▸ **Task description**:
Below are entries. Give back exactly the lines from the one containing "Rendered by QuickLaTeX.com" through the one containing "Pastel Roze Bloemen", inclusive, without the pictures.
---------- Given entries ----------
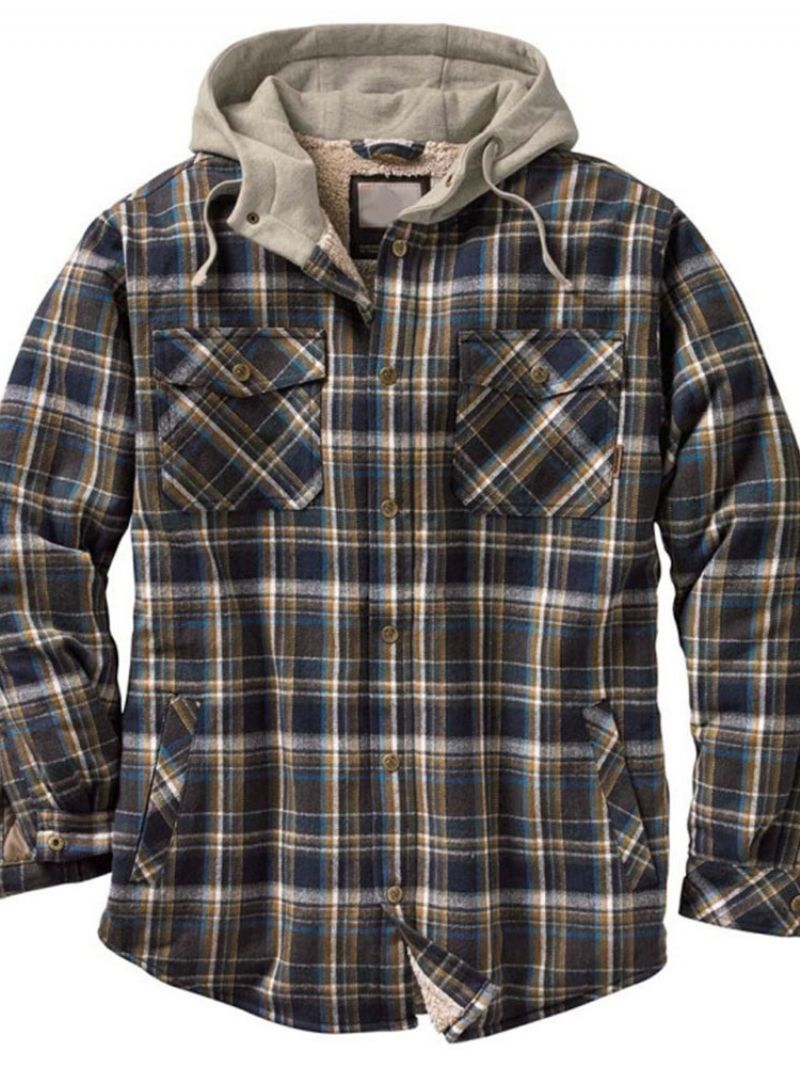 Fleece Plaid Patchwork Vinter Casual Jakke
----------
---------- Given entries ----------
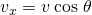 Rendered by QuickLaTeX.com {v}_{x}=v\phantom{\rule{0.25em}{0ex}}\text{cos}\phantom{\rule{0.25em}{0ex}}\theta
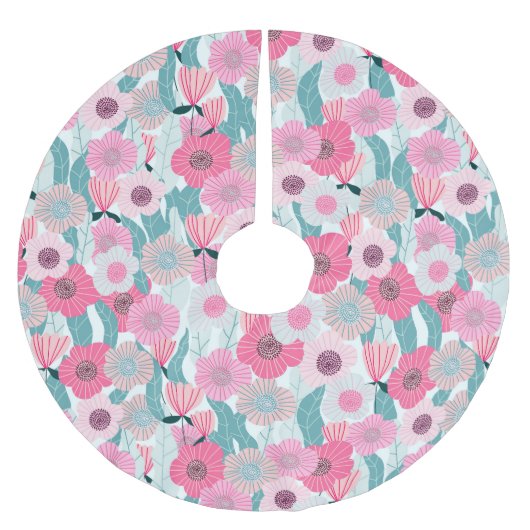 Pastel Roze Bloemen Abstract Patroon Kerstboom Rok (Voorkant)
----------
▸ **Your solution**:
 Rendered by QuickLaTeX.com {v}_{x}=v\phantom{\rule{0.25em}{0ex}}\text{cos}\phantom{\rule{0.25em}{0ex}}\theta
 Pastel Roze Bloemen Abstract Patroon Kerstboom Rok (Voorkant)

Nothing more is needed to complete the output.